Task: Which of the lines below hold the word "Hoop"? Pull each of them out.

Input:
╔══

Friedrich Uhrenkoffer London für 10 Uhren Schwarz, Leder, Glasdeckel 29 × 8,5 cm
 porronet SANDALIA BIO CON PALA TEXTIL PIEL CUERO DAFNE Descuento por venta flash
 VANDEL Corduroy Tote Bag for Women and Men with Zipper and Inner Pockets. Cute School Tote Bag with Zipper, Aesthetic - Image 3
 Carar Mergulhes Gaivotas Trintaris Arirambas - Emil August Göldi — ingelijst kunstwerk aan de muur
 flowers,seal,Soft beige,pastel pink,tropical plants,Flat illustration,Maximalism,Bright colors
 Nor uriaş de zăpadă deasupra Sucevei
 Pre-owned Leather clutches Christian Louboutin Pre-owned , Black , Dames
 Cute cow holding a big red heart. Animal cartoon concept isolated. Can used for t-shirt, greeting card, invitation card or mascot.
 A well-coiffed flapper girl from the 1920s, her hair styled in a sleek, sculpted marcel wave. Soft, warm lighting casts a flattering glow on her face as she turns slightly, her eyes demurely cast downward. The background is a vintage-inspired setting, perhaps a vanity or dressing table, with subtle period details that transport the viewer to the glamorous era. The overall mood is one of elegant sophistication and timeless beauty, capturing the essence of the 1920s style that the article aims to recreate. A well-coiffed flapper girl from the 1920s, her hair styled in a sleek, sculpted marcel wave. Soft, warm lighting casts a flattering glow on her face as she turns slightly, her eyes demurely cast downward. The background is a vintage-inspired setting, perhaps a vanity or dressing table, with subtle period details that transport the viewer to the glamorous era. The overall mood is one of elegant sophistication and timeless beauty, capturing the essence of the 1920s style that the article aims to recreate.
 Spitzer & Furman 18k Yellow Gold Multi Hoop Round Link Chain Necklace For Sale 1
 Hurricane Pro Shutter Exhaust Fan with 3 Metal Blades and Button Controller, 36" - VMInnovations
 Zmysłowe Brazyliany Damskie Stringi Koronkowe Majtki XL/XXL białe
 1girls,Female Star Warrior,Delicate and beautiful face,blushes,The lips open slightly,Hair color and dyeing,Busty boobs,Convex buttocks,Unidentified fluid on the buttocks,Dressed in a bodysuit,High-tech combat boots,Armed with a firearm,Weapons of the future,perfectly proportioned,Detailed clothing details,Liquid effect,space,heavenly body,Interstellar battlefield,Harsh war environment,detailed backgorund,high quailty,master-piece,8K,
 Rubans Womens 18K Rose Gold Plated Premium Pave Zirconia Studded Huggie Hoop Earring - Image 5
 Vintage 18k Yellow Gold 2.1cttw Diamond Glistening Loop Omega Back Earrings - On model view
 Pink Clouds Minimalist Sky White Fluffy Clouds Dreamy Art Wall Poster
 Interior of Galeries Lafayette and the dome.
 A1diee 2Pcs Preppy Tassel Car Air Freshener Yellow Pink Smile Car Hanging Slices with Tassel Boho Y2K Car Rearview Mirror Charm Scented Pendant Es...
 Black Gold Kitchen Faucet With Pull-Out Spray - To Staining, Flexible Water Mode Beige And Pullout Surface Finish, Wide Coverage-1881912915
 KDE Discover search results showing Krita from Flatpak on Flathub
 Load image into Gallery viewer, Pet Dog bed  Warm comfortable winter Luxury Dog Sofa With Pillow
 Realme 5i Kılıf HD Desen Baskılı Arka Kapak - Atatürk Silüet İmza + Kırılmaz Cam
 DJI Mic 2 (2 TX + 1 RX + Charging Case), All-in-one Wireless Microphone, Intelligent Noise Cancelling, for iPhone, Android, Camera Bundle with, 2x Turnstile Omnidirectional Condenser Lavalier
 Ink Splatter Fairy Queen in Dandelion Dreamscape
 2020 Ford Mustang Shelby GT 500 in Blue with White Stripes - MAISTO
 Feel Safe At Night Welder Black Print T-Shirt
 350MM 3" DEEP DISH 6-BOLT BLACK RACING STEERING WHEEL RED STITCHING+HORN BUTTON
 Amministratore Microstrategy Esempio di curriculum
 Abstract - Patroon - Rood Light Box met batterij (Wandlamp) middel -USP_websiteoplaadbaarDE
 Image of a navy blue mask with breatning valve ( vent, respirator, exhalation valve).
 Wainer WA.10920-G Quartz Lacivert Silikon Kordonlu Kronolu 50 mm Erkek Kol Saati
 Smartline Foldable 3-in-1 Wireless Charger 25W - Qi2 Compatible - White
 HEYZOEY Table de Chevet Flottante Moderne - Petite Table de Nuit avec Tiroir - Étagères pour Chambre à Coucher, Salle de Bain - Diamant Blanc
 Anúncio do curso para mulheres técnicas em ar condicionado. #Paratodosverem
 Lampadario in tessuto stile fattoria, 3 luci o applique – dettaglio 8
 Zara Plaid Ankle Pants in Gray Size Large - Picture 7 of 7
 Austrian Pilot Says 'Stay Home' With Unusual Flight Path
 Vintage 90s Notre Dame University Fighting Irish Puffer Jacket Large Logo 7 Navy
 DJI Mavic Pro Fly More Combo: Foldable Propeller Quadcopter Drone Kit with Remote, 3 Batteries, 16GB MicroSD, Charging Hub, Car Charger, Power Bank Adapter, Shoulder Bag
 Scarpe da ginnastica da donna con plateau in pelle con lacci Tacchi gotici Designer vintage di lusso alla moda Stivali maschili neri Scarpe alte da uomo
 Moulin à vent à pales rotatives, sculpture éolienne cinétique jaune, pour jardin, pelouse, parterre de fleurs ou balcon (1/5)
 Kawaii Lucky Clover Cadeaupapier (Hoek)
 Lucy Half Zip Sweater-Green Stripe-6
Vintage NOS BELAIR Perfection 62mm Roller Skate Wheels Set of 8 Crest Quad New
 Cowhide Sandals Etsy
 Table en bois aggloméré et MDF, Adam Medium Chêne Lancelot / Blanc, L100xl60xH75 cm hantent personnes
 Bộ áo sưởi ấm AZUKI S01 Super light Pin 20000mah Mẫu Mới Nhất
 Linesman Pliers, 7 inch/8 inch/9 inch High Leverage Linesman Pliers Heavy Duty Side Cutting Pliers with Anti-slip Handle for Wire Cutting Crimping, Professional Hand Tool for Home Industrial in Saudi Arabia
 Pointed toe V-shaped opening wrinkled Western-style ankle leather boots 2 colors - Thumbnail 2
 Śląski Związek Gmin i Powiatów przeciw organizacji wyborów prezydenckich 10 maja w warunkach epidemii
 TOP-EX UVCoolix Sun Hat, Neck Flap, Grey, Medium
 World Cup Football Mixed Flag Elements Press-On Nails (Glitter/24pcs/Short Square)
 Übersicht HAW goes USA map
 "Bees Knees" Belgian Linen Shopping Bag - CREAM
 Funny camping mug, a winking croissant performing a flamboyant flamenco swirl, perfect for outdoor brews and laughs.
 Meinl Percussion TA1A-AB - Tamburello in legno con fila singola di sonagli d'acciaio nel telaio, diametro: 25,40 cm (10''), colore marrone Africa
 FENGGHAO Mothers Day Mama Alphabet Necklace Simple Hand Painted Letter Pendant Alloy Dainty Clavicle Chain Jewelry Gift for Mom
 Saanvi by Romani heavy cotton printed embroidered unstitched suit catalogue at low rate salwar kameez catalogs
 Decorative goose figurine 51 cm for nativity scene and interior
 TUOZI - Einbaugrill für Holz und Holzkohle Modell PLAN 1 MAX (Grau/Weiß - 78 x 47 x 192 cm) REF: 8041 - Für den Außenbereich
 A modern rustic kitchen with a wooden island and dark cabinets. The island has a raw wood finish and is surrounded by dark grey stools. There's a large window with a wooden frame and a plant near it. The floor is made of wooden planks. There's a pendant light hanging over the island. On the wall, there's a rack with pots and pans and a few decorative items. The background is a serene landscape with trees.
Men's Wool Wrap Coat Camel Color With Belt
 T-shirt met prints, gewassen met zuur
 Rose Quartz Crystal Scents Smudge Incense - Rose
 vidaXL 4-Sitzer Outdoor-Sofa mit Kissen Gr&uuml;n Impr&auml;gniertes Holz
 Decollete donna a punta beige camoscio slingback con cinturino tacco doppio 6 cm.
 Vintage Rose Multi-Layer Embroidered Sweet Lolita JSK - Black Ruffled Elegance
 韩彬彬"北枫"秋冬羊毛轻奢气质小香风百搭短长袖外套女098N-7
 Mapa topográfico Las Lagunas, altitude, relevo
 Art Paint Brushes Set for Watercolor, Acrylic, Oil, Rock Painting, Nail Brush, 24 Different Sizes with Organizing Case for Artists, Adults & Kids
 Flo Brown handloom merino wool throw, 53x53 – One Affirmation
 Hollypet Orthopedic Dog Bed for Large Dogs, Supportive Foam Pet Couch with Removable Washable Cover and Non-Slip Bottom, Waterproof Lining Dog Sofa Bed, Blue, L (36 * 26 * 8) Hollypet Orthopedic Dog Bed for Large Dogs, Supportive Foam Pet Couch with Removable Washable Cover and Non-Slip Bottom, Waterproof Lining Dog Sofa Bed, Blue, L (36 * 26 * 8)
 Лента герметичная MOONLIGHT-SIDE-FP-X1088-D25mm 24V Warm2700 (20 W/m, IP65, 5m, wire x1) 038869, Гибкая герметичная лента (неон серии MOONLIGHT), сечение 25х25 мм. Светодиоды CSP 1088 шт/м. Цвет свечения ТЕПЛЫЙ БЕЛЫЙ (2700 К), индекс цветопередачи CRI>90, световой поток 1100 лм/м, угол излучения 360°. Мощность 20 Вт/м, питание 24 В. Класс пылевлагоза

╚══

Output for this exercise:
 Spitzer & Furman 18k Yellow Gold Multi Hoop Round Link Chain Necklace For Sale 1
 Rubans Womens 18K Rose Gold Plated Premium Pave Zirconia Studded Huggie Hoop Earring - Image 5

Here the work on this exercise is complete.